Studies show that men who retired from corporate jobs, donned their gold watches and lazed about at a resort lived measurably shorter lives than those who sought productive work (e.g., volunteering for organizations like SCORE, the Service Corps of Retired Executives). In fact, plenty of retirees who traded productive work for sunshine and early-bird dinners dropped dead surprisingly soon after making the transition.

That seems like a variation on the same theme. Those older people in the work force are probably way better off for it, at least if they figure out how to be in jobs they like. Maybe that’s the best answer to an aging population?

Moonshot, Columbus, now Woodstock Also a Myth? Say It Ain’t So.

We baby boomers have lost too many cultural icons. Don’t take away Woodstock.

Some nut shot John Lennon. Good journalism — or was it reality? — took away our faith in institutions. We’ve pretty much lost Ford, Chevrolet, General Motors, Wall Street, faith in television news, trust in doctors, air, water … hell, they even took away Christopher Columbus, who went from great explorer to racist exploiter, all in one generation. And now there are people who say the 1969 moon walk was faked. But Woodstock too? What’s left?

I turned 21 in 1969. I was a West coast kid, nowhere near Woodstock, working a summer job between years at college. But, despite the technicality of geography, I was there in spirit just like the rest of that half of my generation that had woken up to new values, wanted to change the world, believed in a new kind of freedom, opposed the Vietnam war, and drank the cool-aid.

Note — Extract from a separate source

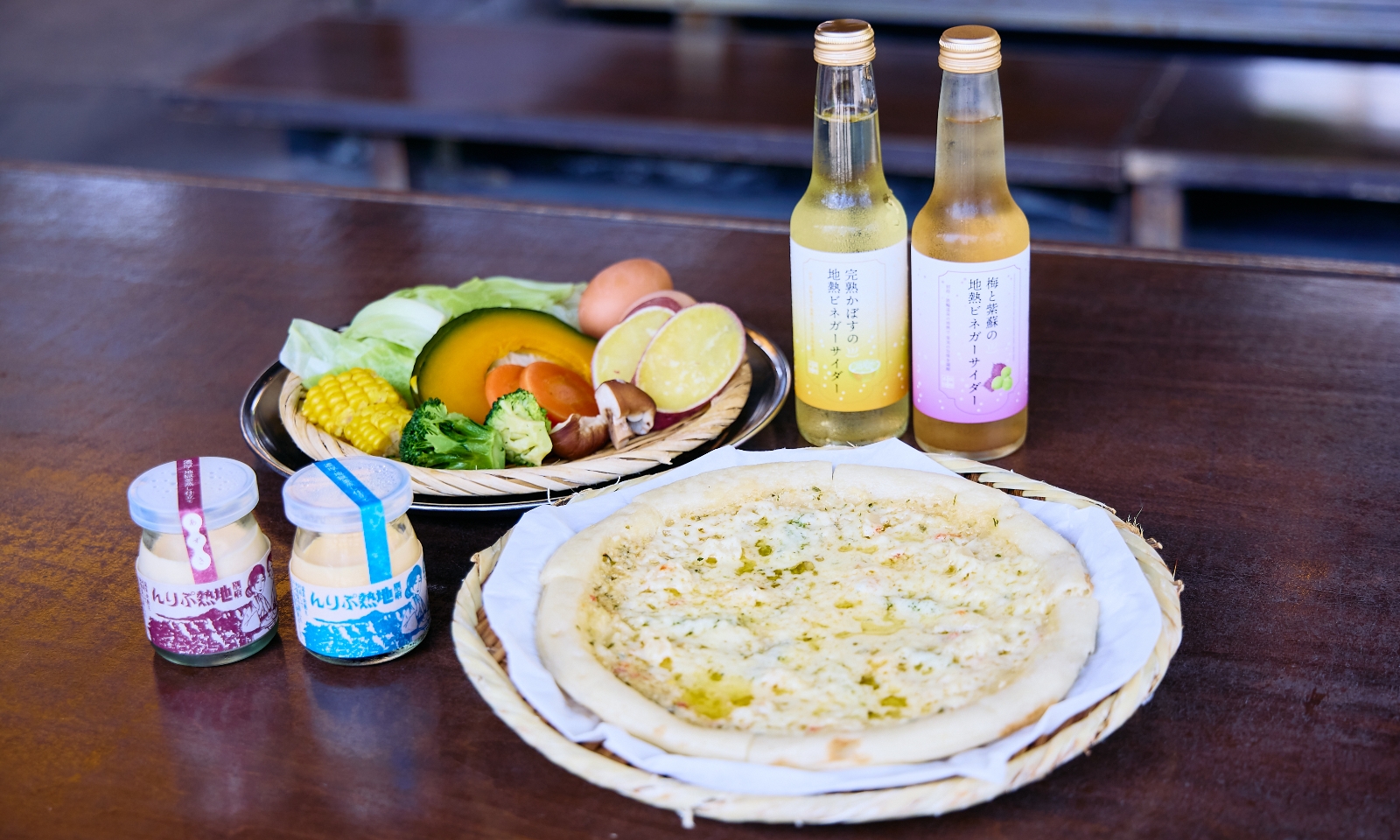 選んだ食材を自分で釜に入れて蒸すことができる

With whatever symbolism we could find, usually nothing more than long hair and bell-bottom pants, we paraded our loyalty to what we thought was going to be a once-in-history sweeping change in humanity.

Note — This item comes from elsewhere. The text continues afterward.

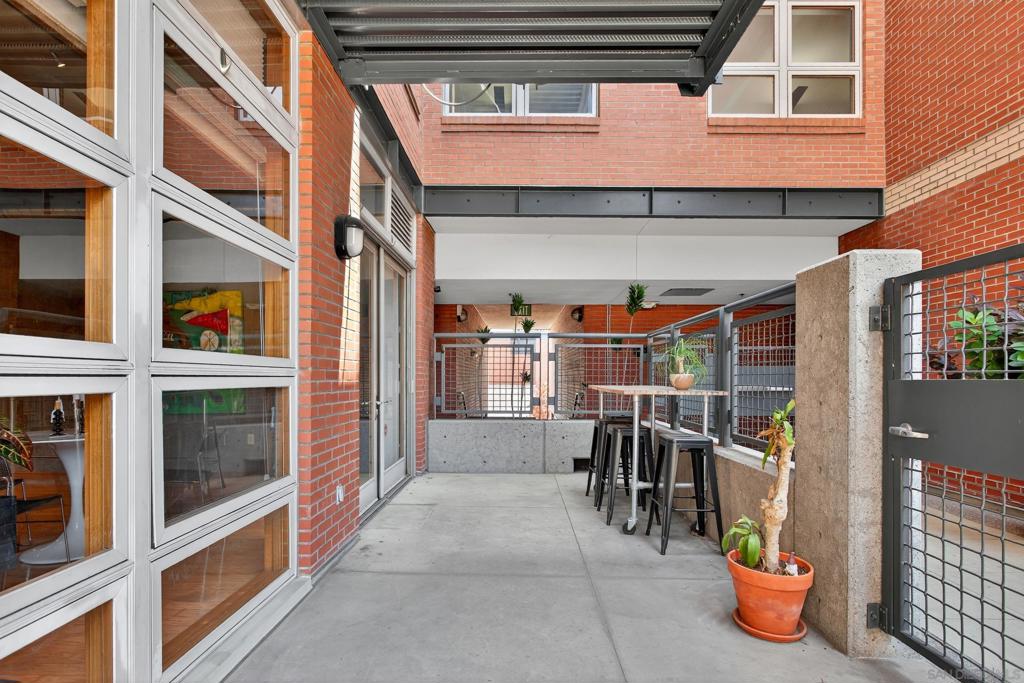 877 Island Ave 218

The Woodstock media sensation was cultural affirmation.  It was just about a year after the 1968 student uprisings world wide — riots, broken windows, overturned cars, breaking out simultaneously in places as far apart as Tokyo, Mexico City, Paris, Berlin, and cities across the United States. Unlike the year before, though, it was a new kind of uprising, a peaceful uprising. It was validation. Half a million people gathered for three days in a muddy field with no money, no violence, no hierarchy, no police, no authorities, and no problems. And it proved what we’d been saying to ourselves, to our parents, to our teachers, bosses, and anybody else who objected.

It felt like a turning point. After Woodstock, “Hippy” was no longer a bad thing to be.

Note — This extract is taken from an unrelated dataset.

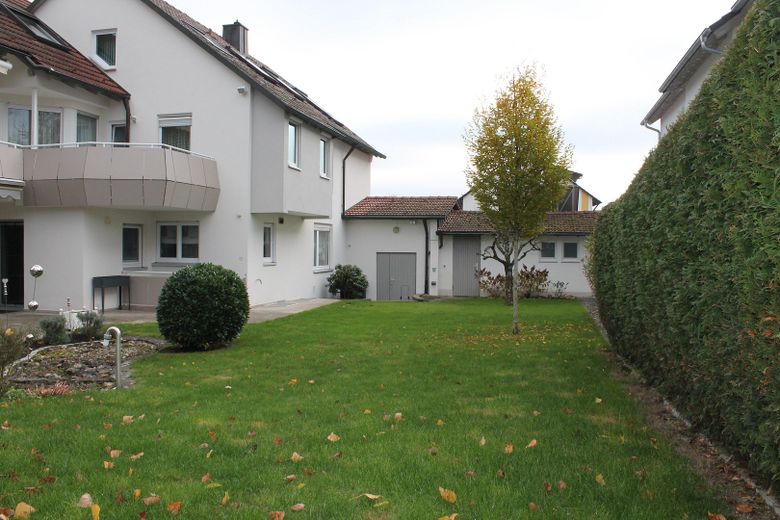 Sehr gepflegtes 4-Familien-Wohnhaus mit großem Gartengrundstück in Top Wohnlage von CR – Gartenansicht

All of which brings me to this disturbing segment of a fascinating Wall Street Journal video (below) on how Woodstock changed music. Oh the loss, oh the disillusion! Is nothing sacred?

Disillusion number one: marketing? The narration says “the Woodstock nation was born, ushering in a whole new area of marketing. True, I’m all grown up now, I get marketing, my company depends on it like the rest of small business, but jeez, marketing at Woodstock? That’s Woodstock’s legacy?

No, I hope not; but then John Scher, CEO of Metropolitan Talent, explains:

“You had a new brand. It was called Woodstock. And you had music that was associated with a mass movement: A social, cultural, and political movement. Music could be marketed, differently, than it was before. And then you had people who had no soul, just trying to sell product, trying to figure out how they could latch on.”

(If you can’t see the video, click here to go to the source at wsj.com)

But wait: it gets worse. The narrator implies that the legacy was more the movie than the event, and in the movie …

“Not all the performers fared so well.  The order of performers was changed, some were left out, in some cases songs performed elsewhere replaced songs performed at the event.  It all helped to create a memory that wasn’t necessarily true to life.”

And still worse. The five-minute piece finishes with WSJ Music Critic Jim Fusilli:

“There’s a lot of really terrific performances that received no exposure. For the past 39 years, they’ve gotten very little bounce. A lot of Columbia artists didn’t get into the film. A lot of Capitol artists didn’t get into the film, or onto the album. You had a giant label in Warner Brothers, who had possession of the music at Woodstock.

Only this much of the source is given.